• Work required: Output the line containing "Omauha - Morphosis [Album]" and each line after it through the end of the data, exactly as written, with pictures left out.

• Data extract:

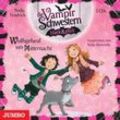 Die Vampirschwestern black & pink - 4 - Wolfsgeheul um Mitternacht - Nadja Fendrich (Hörbuch)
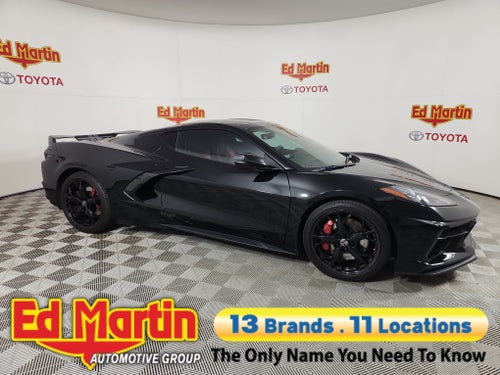 2020 Chevrolet Corvette 3LT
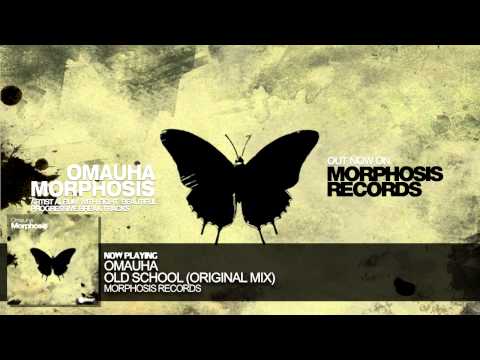 Omauha - Morphosis [Album]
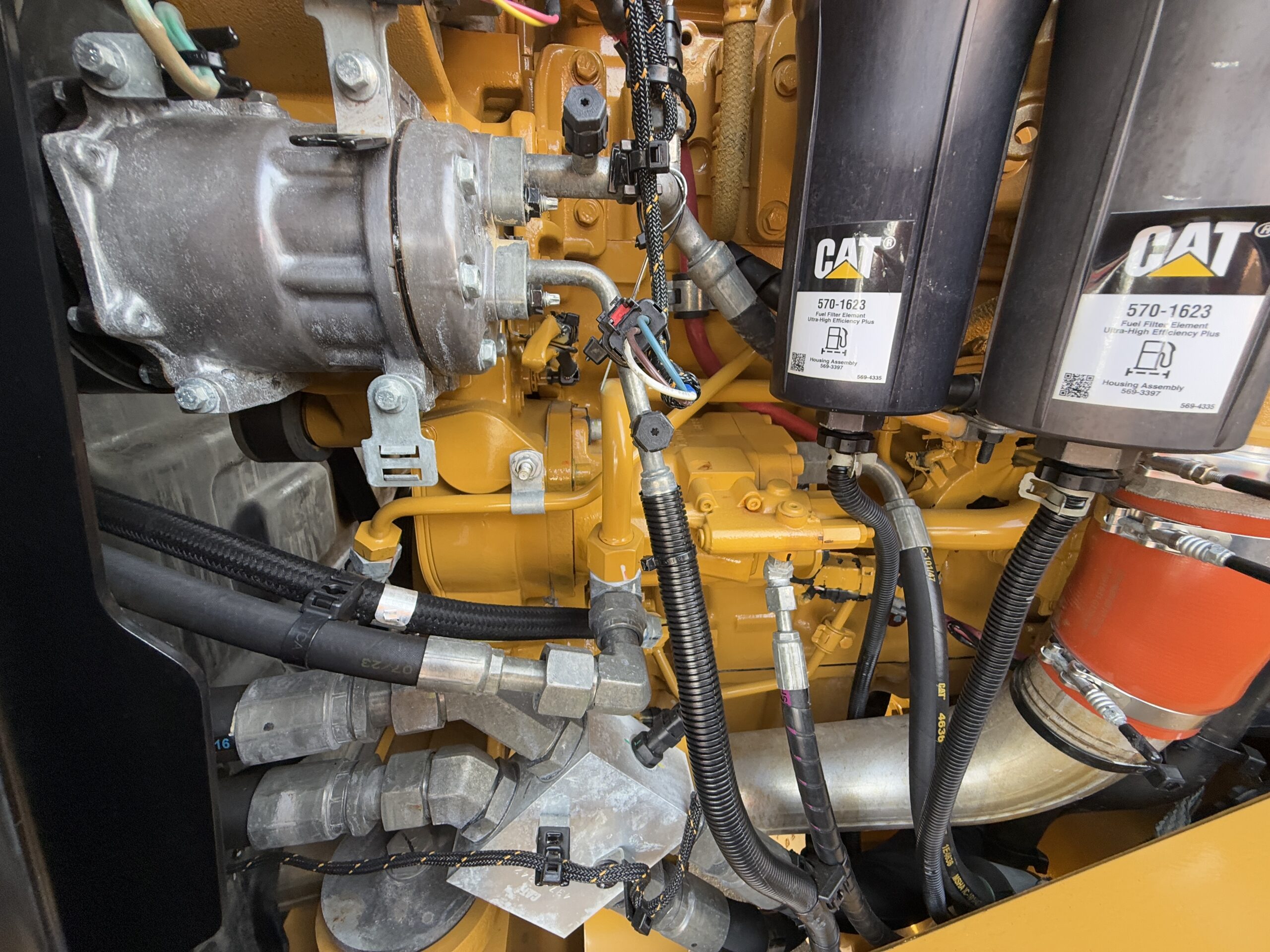 2024 CATERPILLAR 980 NG WHEEL LOADER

• Response to this task:
 Omauha - Morphosis [Album]
 2024 CATERPILLAR 980 NG WHEEL LOADER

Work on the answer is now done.